Im Hintergrund lief leise etwas Musik mit, während ich auf dem Boden meines Arbeitszimmers saß und die Unterlagen von Arthur durchging. Ab und an druckte ich auch die eine oder andere eigene Aufnahme aus. Ich wollte Theo etwas unter die Arme greifen, da es so schon in der Universität einiges zu tun hatte. Und zudem machte es mir äußerst viel Spaß die Notizen von Arthur, Robert und Theo durchzugehen. Die Sache mit dem trotzigen Blick und der Tierapokalypse war schon etwas sehr weit hergeholt, aber an manchen Stellen war es gar nicht mal so abwegig. Wie ich so da saß und in die Notizen vertieft war, bekam ich nicht mit, wie die Haustür geöffnet wurde und eine Person sich mir näherte, in der Hand einen riesigen, wundervollen Blumenstrauß.

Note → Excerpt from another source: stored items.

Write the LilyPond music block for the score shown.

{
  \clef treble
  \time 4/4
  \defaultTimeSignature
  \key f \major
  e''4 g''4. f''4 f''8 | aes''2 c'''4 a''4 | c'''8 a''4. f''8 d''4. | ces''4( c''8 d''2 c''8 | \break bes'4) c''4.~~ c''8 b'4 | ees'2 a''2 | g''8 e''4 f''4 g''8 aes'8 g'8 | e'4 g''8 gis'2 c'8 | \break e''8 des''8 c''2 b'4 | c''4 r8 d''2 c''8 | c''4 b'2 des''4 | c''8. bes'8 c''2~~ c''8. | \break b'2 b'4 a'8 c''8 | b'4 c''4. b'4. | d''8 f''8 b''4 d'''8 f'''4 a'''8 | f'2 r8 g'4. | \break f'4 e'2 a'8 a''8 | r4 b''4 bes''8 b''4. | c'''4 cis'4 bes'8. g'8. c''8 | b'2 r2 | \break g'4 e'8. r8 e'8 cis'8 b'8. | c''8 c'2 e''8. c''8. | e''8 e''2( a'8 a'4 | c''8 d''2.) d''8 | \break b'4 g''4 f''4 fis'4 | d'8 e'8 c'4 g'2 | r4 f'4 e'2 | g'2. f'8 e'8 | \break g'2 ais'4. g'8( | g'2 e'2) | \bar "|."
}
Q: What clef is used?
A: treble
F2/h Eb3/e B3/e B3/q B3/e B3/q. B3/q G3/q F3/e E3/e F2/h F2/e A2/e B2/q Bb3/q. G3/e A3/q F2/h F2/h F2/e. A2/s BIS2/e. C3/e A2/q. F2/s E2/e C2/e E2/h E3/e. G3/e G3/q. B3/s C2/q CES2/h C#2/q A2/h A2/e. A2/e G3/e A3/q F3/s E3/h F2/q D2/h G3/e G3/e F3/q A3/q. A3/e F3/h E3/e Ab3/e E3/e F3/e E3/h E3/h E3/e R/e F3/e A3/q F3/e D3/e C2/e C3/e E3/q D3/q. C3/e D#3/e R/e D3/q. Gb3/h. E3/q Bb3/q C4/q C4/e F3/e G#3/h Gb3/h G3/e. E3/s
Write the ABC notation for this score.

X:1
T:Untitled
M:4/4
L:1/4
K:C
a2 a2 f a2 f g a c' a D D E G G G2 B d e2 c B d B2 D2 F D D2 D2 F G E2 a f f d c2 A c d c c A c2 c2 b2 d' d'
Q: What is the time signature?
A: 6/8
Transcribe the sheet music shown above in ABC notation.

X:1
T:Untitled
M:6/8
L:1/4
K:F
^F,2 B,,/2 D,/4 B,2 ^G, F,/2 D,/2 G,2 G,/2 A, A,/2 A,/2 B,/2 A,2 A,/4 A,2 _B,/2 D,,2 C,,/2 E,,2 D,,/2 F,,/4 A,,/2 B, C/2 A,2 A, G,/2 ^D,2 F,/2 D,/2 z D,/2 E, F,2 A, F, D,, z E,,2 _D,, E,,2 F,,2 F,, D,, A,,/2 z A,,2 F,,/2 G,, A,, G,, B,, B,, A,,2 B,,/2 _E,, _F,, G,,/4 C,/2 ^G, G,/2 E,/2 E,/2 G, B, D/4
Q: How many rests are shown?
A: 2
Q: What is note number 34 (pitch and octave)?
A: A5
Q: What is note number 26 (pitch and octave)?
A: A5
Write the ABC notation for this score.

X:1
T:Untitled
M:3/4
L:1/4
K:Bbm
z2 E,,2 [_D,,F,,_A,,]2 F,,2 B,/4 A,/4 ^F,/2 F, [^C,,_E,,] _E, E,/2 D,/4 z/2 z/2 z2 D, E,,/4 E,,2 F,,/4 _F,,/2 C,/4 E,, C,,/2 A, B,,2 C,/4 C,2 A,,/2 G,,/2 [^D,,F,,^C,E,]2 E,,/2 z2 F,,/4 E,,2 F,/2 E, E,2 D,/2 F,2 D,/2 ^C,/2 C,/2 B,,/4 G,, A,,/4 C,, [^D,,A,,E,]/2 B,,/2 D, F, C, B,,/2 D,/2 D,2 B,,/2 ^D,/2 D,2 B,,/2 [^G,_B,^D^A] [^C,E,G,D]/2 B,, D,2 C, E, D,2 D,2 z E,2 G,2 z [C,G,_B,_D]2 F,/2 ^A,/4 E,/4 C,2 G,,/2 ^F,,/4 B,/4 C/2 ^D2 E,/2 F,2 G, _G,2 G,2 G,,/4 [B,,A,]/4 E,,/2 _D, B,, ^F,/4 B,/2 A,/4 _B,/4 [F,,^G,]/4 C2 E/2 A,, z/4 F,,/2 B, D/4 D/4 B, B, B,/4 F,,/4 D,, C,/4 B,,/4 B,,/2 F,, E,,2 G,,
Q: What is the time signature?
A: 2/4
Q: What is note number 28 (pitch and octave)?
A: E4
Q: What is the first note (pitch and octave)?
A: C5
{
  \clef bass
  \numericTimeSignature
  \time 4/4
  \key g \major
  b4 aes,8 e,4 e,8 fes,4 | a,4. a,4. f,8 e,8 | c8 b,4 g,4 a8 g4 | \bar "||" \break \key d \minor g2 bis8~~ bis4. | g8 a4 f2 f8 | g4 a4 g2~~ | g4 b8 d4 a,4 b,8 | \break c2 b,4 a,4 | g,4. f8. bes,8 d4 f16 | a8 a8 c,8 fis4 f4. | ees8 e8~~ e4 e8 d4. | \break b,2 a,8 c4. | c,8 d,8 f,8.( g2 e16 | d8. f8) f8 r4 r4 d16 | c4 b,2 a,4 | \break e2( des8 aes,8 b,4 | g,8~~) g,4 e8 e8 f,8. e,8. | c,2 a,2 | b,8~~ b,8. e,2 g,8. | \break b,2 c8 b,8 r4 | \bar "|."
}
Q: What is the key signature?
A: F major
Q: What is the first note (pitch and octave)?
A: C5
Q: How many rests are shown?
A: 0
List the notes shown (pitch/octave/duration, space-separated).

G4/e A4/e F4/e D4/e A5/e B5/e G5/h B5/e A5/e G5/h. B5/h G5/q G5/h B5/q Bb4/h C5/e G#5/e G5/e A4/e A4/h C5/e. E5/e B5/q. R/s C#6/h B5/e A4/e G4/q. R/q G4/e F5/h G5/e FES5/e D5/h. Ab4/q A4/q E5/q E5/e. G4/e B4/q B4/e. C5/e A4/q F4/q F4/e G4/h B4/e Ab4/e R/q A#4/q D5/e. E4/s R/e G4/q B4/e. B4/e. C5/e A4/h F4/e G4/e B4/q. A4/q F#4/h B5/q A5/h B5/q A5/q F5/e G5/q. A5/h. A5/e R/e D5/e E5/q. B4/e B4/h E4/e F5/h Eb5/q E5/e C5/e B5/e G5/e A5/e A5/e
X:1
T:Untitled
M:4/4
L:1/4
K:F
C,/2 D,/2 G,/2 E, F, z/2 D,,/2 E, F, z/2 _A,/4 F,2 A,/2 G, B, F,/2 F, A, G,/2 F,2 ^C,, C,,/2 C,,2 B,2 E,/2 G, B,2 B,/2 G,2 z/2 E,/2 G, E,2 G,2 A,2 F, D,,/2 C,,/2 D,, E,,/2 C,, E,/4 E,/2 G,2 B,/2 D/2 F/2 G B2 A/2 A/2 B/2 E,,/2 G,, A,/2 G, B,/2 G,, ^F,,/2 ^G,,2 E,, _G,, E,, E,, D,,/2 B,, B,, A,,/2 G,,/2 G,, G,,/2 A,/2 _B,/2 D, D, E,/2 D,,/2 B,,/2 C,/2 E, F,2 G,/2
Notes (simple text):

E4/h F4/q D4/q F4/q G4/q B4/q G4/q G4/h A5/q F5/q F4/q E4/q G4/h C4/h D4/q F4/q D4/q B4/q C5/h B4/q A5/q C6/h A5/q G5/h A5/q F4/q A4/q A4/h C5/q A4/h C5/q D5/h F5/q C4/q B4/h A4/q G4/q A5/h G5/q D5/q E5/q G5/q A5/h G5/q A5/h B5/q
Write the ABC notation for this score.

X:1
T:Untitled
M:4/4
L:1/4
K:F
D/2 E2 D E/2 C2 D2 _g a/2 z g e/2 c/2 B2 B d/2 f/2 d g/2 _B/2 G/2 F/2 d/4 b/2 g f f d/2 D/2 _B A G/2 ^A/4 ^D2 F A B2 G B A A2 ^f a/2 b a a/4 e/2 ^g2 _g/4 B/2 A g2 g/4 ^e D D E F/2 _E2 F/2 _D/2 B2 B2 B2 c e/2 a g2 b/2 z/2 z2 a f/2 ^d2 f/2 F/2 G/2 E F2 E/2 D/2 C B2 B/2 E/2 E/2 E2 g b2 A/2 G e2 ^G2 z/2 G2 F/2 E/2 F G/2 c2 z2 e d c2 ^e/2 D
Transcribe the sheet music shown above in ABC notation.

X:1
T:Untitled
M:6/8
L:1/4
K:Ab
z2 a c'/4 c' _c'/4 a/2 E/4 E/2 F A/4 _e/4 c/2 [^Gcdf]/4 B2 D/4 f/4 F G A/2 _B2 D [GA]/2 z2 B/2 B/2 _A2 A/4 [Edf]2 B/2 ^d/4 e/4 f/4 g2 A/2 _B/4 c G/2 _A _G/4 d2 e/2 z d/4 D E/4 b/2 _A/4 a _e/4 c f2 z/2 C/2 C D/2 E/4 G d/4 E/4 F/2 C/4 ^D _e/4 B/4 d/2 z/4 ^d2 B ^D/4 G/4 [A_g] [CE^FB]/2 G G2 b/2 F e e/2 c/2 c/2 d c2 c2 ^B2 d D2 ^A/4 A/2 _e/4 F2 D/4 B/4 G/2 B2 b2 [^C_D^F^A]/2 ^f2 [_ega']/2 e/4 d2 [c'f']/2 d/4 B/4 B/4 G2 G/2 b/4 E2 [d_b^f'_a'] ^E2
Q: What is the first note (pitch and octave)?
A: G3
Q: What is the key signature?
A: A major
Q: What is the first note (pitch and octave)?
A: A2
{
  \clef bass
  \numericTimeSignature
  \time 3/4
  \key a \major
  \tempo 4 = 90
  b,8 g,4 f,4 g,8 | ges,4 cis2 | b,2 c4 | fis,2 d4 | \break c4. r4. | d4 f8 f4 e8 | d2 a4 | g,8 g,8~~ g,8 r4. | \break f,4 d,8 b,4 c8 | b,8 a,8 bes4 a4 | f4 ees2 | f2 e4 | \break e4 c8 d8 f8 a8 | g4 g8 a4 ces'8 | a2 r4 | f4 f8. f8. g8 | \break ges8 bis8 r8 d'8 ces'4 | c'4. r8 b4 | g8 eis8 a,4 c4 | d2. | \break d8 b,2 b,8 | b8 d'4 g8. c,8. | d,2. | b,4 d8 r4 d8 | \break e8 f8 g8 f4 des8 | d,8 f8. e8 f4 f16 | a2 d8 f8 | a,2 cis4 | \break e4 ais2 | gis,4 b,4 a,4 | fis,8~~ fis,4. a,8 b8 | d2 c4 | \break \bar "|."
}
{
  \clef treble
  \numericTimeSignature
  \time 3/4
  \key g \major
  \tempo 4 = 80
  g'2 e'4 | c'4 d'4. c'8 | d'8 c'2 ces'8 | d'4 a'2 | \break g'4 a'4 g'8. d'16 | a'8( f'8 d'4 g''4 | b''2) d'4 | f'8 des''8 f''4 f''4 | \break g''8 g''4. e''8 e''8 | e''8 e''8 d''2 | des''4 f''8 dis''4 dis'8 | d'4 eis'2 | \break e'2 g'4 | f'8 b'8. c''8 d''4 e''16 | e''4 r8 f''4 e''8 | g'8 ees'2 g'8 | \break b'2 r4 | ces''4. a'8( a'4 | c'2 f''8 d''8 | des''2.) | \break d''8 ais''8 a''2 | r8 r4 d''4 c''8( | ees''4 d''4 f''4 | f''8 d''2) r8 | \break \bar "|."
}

»Wen haben wir denn da?« Erschrocken fuhr ich herum. Meine Lippen formten sich zu einem breiten Grinsen, als ich sah wer da stand. Ich sprang auf und fiel ihm um den Hals. »Nicht so stürmisch, Kleine. Bin ja nur ich.« Sein tiefes, raues Lachen vibrierte an meinem Ohr und kitzelte. Ich seufzte. »Nur du? Du bist ja wohl mehr als nur du.« Sanft schälte ich mich aus seinem Griff und sah begeistert auf den riesigen Blumenstrauß. »Sind die für mich? Oder etwa für Jelly von der Verwaltung?« Schelmisch grinste ich ihn an. Er hasste es abgrundtief, wenn ich Anspielungen auf Jelly machte. Jelly Konrads war nämlich die leitende Vorsitzende der Verwaltung für die Bibliothek in der Universität. Sie war damals mit Theo in der Schule und warfen sich noch heute diese unverwechselbaren Blicke zu, wenn sie sich sahen.
»Obwohl das eine ausgesprochen gute Idee wäre, sind die«, er reichte mir den Strauß, »für dich.« Ich nahm den Strauß und staunte erst einmal über das Gewicht. Seit wann waren Blumen so schwer? Es war ein farbenfroher Sommerstrauß mit den unterschiedlichsten Sorten von Saisonblühern. »Danke...die sind wirklich wunderschön. Ich stell sie mal in eine Vase. Die bekommen einen Ehrenplatz auf meinem Schreibtisch.« Fröhlich lief ich in die Küche und durchforstete die Schränke nach einer passenden Vase. Theodore folgte mir. »Jetzt kommt wenigstens mal etwas Farbe in dein Zimmer. Nur schwarz und weiß...grauenvoll. Du solltest dir wenigstens farbige Vorhänge besorgen.« Er schüttelte sich gespielt und nahm mir das schwere Glasgefäß, das ich gerade aus dem Schrank geholt hatte und mit Wasser gefüllt hatte, ab. »Sag mal Casey, was hältst du davon, wenn wir ins Diner gehen, um deine Rückkehr zu feiern«, rief er mir aus der Küche zu, während ich die Blumen auf meinem Tisch platzierte. »Hört sich gut an. Ich zieh mich nur schnell um«, meinte ich und schloss die Zimmertür.